Central Bank governor Nivard Cabraal said emerging economic data is showing that imports are falling faster than exports and the rupee should gain strength.
"The adjustment in the economy is taking place very clearly as envisaged so very soon, it will be felt by all economic players," he said.
"In that context, it is only a matter of time, before importers realize that the rupee should strengthen, and then it is likely that they will not pay as much."
Analysts have urged the Central Bank to sterilize any foreign exchange purchases they make with immediate outright sales of its Treasury bill stock to prevent the notes from coming back for redemption as imports after being loaned out to the credit system.
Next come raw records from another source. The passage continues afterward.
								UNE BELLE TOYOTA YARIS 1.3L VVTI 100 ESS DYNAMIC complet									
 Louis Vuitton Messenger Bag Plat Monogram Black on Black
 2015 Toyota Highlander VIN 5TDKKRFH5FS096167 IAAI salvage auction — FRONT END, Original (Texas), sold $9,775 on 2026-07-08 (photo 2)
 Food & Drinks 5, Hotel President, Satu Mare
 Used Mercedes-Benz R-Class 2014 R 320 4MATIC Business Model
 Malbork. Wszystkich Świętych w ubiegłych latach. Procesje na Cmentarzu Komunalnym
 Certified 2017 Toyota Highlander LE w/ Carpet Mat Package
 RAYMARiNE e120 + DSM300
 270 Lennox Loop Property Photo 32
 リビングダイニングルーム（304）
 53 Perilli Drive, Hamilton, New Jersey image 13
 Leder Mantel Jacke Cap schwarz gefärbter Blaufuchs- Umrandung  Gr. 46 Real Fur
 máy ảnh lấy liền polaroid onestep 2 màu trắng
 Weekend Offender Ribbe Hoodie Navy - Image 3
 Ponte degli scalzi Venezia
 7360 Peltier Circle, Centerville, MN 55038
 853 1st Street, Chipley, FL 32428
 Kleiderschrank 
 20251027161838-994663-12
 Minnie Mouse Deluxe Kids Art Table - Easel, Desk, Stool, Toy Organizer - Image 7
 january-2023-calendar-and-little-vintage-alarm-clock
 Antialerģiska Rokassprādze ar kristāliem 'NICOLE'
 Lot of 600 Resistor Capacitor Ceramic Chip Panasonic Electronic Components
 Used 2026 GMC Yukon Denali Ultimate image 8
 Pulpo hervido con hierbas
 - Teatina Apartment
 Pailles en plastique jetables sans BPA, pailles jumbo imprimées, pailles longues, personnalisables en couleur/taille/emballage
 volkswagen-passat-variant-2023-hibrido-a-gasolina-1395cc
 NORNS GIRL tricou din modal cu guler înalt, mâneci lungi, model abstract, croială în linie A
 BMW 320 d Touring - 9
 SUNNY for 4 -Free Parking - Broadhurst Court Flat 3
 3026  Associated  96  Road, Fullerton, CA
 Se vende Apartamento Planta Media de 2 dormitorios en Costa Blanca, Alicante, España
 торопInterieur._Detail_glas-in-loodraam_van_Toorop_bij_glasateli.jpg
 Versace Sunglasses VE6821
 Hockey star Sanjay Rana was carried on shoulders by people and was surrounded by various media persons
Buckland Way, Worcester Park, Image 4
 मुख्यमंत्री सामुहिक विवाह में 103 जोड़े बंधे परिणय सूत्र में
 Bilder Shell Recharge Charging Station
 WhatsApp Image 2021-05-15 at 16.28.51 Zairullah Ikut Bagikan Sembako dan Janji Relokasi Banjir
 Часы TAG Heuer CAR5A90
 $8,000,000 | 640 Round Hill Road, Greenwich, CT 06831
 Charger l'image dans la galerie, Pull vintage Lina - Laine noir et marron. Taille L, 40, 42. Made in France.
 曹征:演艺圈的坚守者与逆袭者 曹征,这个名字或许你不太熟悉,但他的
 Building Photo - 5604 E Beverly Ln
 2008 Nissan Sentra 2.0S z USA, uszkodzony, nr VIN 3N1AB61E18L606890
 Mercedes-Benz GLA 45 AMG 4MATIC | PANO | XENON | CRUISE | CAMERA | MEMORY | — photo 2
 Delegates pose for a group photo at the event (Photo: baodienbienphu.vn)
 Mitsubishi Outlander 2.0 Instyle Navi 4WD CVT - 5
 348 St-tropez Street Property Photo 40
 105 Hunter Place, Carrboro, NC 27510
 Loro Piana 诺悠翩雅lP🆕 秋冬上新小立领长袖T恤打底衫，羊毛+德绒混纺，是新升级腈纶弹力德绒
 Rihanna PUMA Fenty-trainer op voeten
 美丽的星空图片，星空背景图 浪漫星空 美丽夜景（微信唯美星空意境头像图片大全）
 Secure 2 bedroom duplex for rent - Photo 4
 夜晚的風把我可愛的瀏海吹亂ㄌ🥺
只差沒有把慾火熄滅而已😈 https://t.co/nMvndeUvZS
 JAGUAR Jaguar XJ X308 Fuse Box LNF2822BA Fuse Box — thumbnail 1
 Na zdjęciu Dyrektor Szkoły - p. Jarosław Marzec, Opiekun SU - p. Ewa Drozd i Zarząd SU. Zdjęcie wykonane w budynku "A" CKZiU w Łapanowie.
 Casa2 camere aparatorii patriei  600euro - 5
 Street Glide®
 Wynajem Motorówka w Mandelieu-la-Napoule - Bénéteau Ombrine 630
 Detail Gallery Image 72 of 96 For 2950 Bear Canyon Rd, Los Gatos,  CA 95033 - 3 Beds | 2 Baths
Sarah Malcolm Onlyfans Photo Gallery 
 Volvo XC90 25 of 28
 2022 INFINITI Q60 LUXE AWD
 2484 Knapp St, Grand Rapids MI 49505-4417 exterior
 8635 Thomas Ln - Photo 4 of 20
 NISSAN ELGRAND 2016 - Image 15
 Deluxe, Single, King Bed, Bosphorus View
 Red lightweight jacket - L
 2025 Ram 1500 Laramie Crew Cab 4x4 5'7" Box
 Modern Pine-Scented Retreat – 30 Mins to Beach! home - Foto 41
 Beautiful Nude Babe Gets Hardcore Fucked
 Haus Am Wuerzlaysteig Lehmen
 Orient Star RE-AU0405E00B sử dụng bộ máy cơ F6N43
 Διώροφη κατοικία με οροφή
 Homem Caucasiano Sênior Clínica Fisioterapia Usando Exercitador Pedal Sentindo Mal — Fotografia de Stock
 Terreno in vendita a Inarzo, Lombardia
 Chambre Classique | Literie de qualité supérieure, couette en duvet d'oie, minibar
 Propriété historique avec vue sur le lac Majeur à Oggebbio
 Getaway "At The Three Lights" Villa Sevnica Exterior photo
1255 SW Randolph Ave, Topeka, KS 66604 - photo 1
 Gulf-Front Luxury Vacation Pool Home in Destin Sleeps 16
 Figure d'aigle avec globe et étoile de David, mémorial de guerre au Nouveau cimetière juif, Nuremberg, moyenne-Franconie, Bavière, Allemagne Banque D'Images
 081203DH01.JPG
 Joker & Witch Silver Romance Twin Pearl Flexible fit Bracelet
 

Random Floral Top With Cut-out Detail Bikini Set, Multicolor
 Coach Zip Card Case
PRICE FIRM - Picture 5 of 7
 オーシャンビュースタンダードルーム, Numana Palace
In April private sector credit fell to near two year low of 18.7 billion rupees but credit to state was still strong at around 42 billion rupees.Last year import rose to unsustainable levels as the Central Bank sterilized its foreign exchange sales with fresh money and the state petroleum utility also borrowed money to manipulate oil prices.
Selling imported petroleum at a loss prevents a contraction of disposable incomes of energy users which then generates imports.
Though energy prices were raised, Petroleum minister Susil Premajayantha has said that state-run Ceylon Petroleum Corporation has run up debts of 65 billion rupees with state enterprises again this year.
However the Central Bank has tightened the monetary system a little in recent days with the average rate of its repo auction to drain liquidity moving up to 8.85 percent on June 07 from 8.60 percent on May 21.
On Monday the interbank markets were short and some players borrowed at 9.75 percent from the Central Bank's liquidity window.
Call money rates have moved as high as 10.15 percent Monday and gilt backed repo rates were around 9.00 to 9.10 percent Monday.
On Tuesday repos were quoted around 9.20/30 percent, still below the 9.75 percent window level and clean call money at 10.20/30 percent levels, dealers said.